Thank you in advance

Answer 1

$1$) This is correct, there are examples of transformations which change the measure going forward.

Example Let $T:\Bbb T^2\to \Bbb T$ be a map from the $2$-torus to the $1$-torus given by projection along the diagonal. This is a continuous, surjective homomorphism on a compact group. It is easy to see any such map is measure preserving by defining the pullback measure on the domain and showing that it is a Haar measure which assigns the whole group measure $1$, and using uniqueness). However, taking the diagonal subgroup $\Delta \Bbb T\subseteq \Bbb T^2$ which has Haar measure $0$ (it is of infinite index) in the domain but full measure in the target gives us that $\mu_2(T(\Delta \Bbb T))\ne \mu_1(\Bbb \Delta \Bbb T)$.
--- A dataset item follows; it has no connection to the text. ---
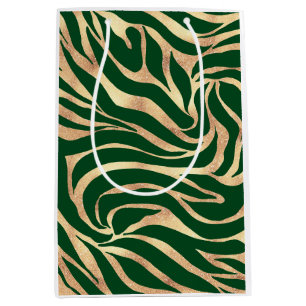 Eleganter Gold Glitzer Zebra Green Animal Print Mittlere Geschenktüte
Example Let $T:\Bbb T\to\Bbb T$ be a map from the $1$-torus to itself given by $$T: z\mapsto z^2$$ Then we have that $T$ is a continuous, surjective homomorphism on a compact group so that it is measure preserving, just as in the first example, however the direct image of some sets actually increase. This is easy to see by taking, for example, $S=\{z\in\Bbb T : -{\pi\over 2}\le\text{Arg}\; z\le {\pi\over 2}\}$ which has measure $\mu(S)={1\over 2}$, however clearly $T(S)=\Bbb T$ so that $\mu(T(S))=1$.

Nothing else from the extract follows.